Short text fragments from websites:
——
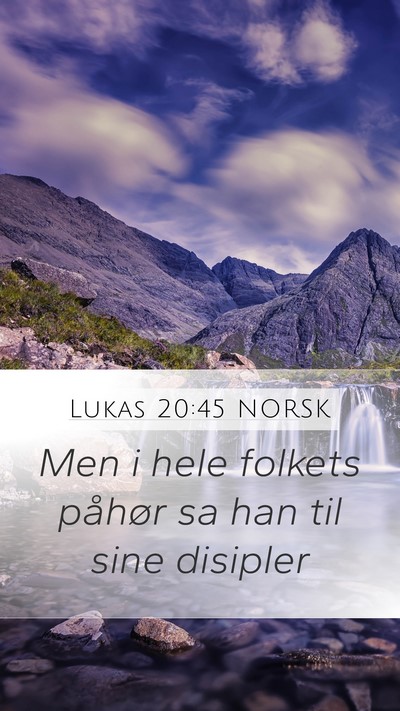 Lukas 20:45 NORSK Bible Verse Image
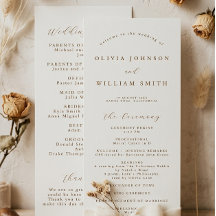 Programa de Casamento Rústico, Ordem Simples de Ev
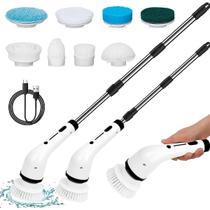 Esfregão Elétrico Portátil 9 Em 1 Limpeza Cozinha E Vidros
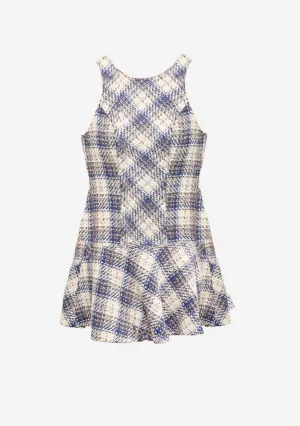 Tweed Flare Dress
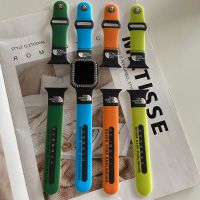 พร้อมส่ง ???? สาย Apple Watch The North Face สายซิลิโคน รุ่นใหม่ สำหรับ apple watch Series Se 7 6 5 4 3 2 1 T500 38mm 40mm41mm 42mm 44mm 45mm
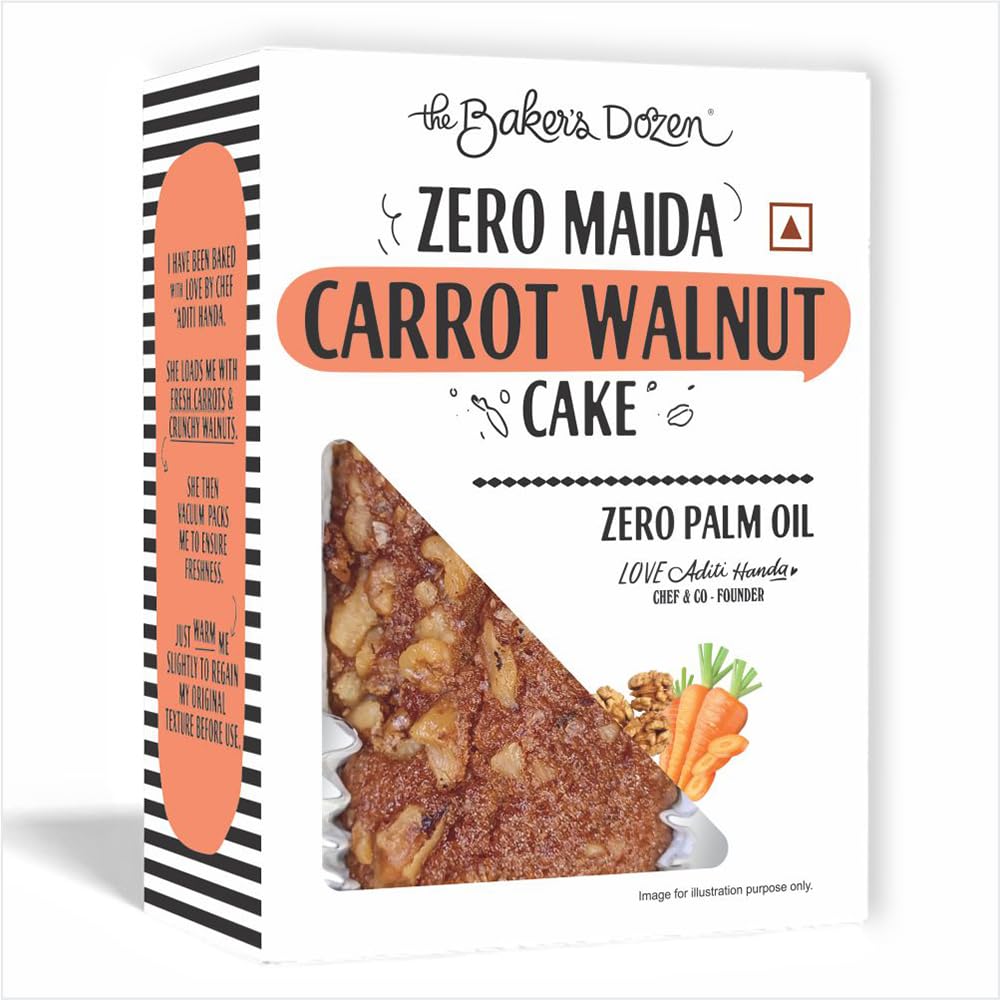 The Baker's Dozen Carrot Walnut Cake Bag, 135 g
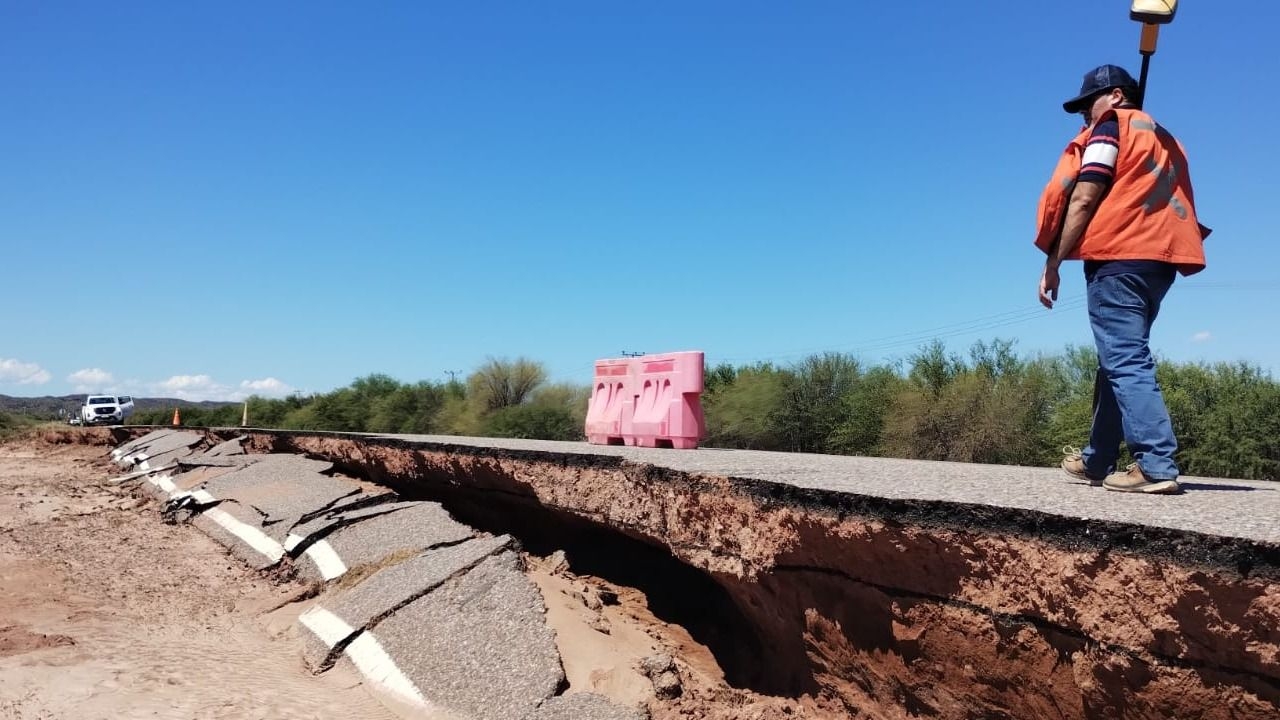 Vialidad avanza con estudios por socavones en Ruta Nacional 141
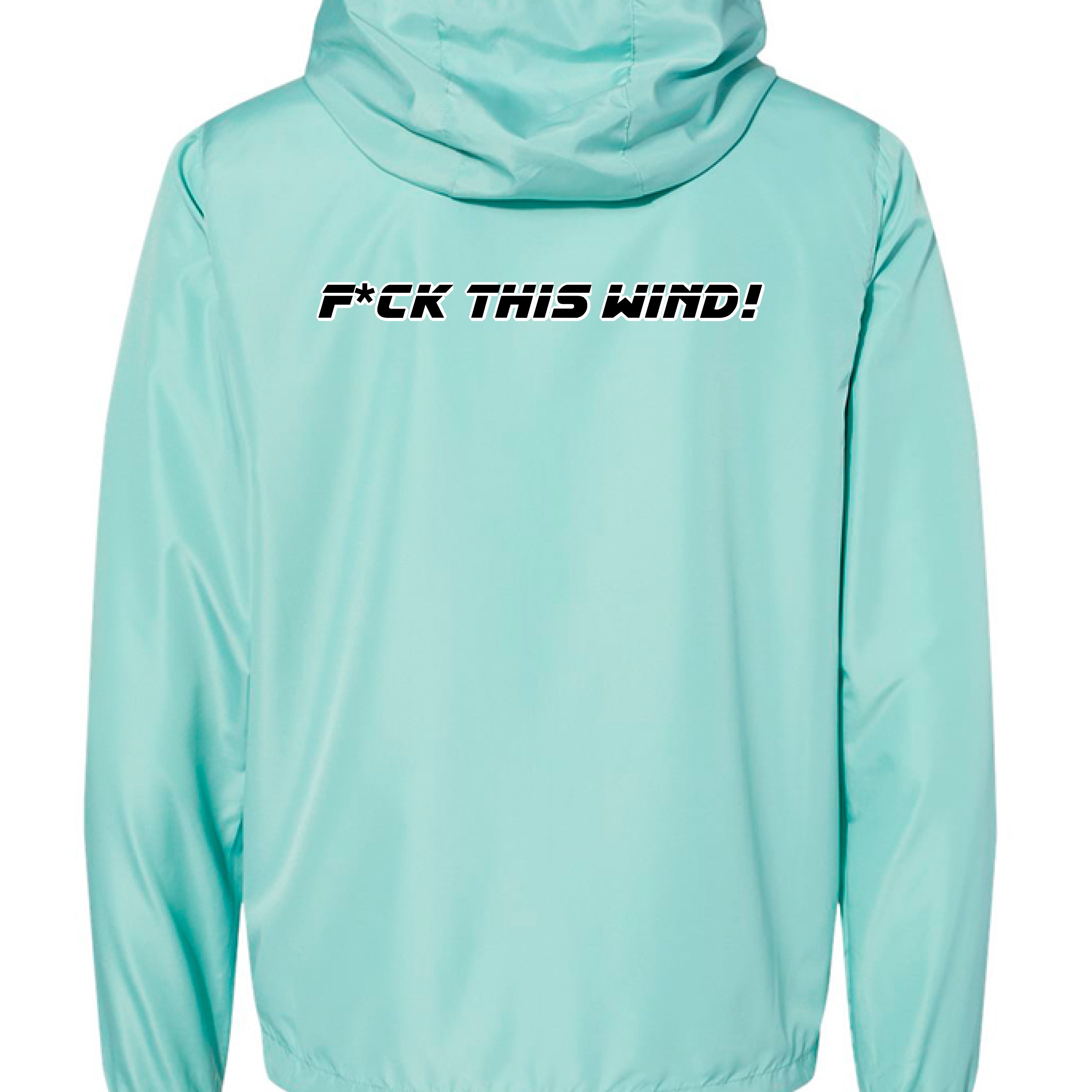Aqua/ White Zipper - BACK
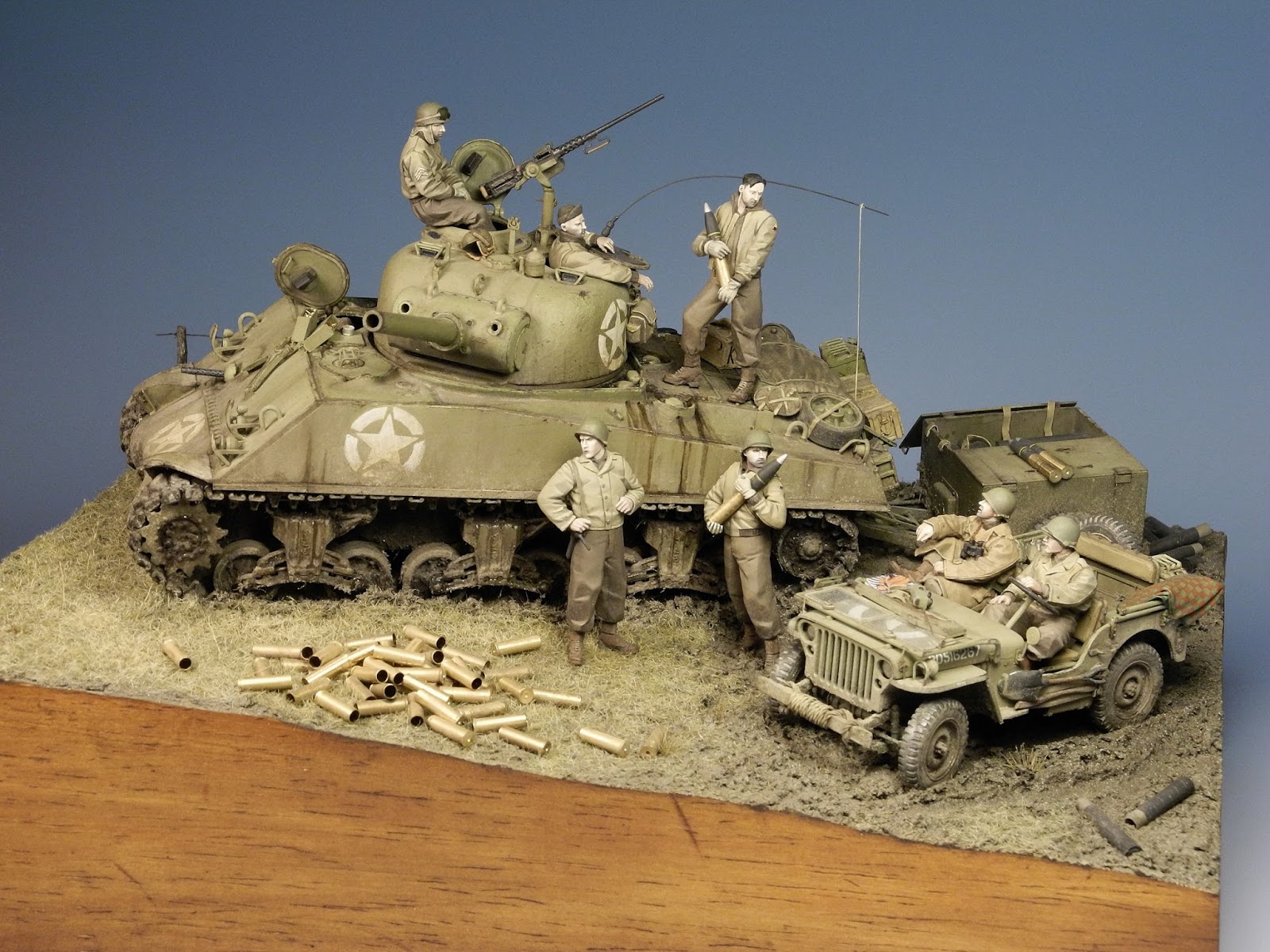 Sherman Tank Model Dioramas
——
Problem to work on: All lines from the one containing "The Baker's Dozen" through the end of the data are to be restated exactly, with nothing else and without the pictures.

Task response:
 The Baker's Dozen Carrot Walnut Cake Bag, 135 g
 Vialidad avanza con estudios por socavones en Ruta Nacional 141
Aqua/ White Zipper - BACK
 Sherman Tank Model Dioramas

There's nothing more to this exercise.